On May 7, 2009, at 12:27 AM, Marcel Weiher wrote:

OK, quiz time: the reason for NSMutableString to relinquish ownership is to (a) release the object (b) allow someone else to take ownership?

Answer: always (a), sometimes (b), and sometimes (c).

EXACTLY. Autorelease allows ownership transfer from called methods to occur without thrusting ownership on those that don't want it.

That's one use, anyway.

Retain/autorelease is the preferred way of implementing a getter method.

Some claim, many dispute.

Heh, I'm inclined to think that in reality, "some" and "many" are reversed.

Wether it is 'preferred' or not, however, is irrelevant to what I said: it is not required and thus there is no need to do this. Alas, misunderstandings such as yours are exactly the sort of thing I foresaw when I co-wrote "Autoreleasing accessors considered harmful"

Nothing is 'required'. There's no rule that says you can't write a crashy app, for example. Many people do. The question is about best practice.

This is not a debate. This is me explaining to you how this stuff works.

No, this is a debate. Let's keep it professional, please, no posturing.

Now, in this particular case I don't think it's acceptable to take the dogmatic attitude that the caller has the right to do whatever it wants with the objects, because we have a bit of an unusual situation here, involving a weak reference. The delegating object cannot have a strong reference to its delegate, otherwise you'd have a retain cycle. The rules of memory management that apply to strong references don't fully apply here, we need to be very careful.

Yes, we need to be somewhat careful, which is why don't do crazy stuff like releasing an object from within a delegate method.

Of course, nobody is suggesting release. The issue here is autorelease.

You'll end up writing crazy, inelegant, hard to read, hard to understand code.

What's crazy and weird about:

        id parser = [NSXMLParser alloc] initWithData:myData];
        [parser parse];
        [parser release];

?

Trying to deallocate an object from within its delegate, now that's weird and crazy, as numerous people have pointed out to you.

1) I never said you should deallocate an object from within its delegate method. I said that you should write your object's code so that it's safe to call autorelease from within the delegate method -- which means that it would not be deallocated from within its delegate method.

2) Who are these 'numerous' people you're talking about. I've been debating with you. Stephen J. Butler made one reply to me. That's two.

3) As I said below, "It's of course somewhat easier to work around this problem given the API of NSXMLParser, but you can't generalize to all delegate methods based on NSXMLParser."

It makes much more sense to code in a more straightforward way, for the common case, and if an object is going to do weird memory things with its delegate, it needs to take responsibility for not causing crashes and other problems. In this case, the delegating object knows when it's going to wrap the delegate calls in an autorelease pool, so it can easily account for that, whereas the delegate itself has no idea and would have a very hard time accounting for that. How does the delegate know when exactly in the future it's safe to actually release or autorelease its instance variable?
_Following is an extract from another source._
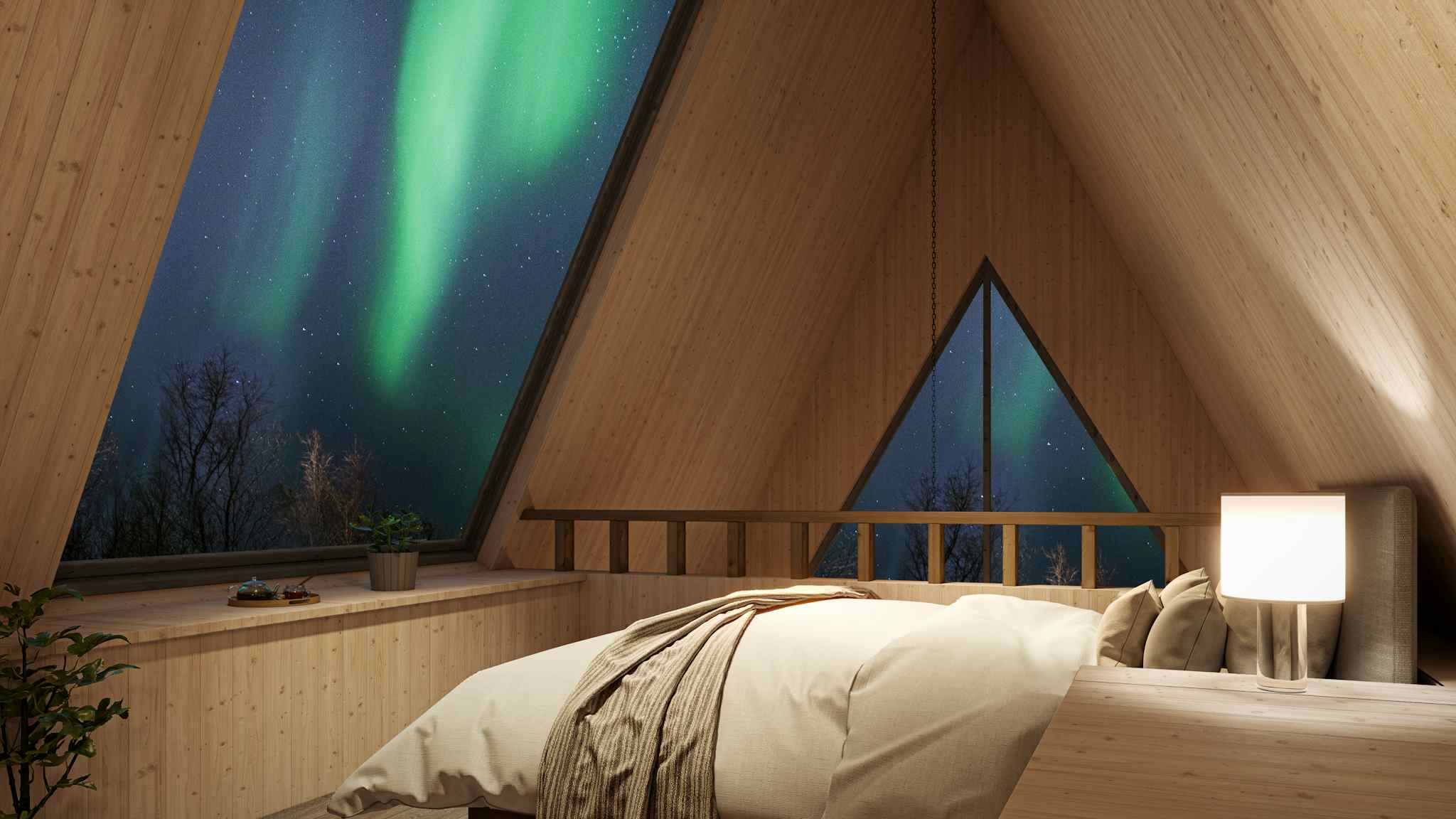 Holmen Husky Forest Suite - Bedroom (Render), source: Holmen Husky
You might say wait until dealloc, but it may need to re- use that instance variable for another object.

I'm not sure I understand what the alternative is that you're suggesting. Short of dealloc, when exactly is it safe for the delegate to relinquish ownership of the object?

The delegate never has ownership of the object.

Usually the delegate is the owner. That is, the owner allocates the object and sets itself as the delegate.

According to your argument, you can't even assume it's safe in some kind of "didFinish" delegate method, because the object could still do weird stuff after calling didFinish on the delegate.

The only thing that would be weird here would be if the caller were actually deallocated when it returns from sending the "didFinish" message. Look at the following.

It's of course somewhat easier to work around this problem given the API of NSXMLParser, but you can't generalize to all delegate methods based on NSXMLParser. What about more async delegate like NSURLConnection?

It is the *owner* of the object that releases it, not the delegate.

As above, usually they're the one and the same.

The claim by Stephen J. Butler was, "it's never safe to release/ autorelease an object from inside one of it's delegate calls." I agree about release, but not about autorelease. And NSXMLParser is not a good example to generalize upon, because as we see with your code fragment, you don't even need delegate methods to know when it's done.

I'm still waiting to hear a solution for the fully async cases.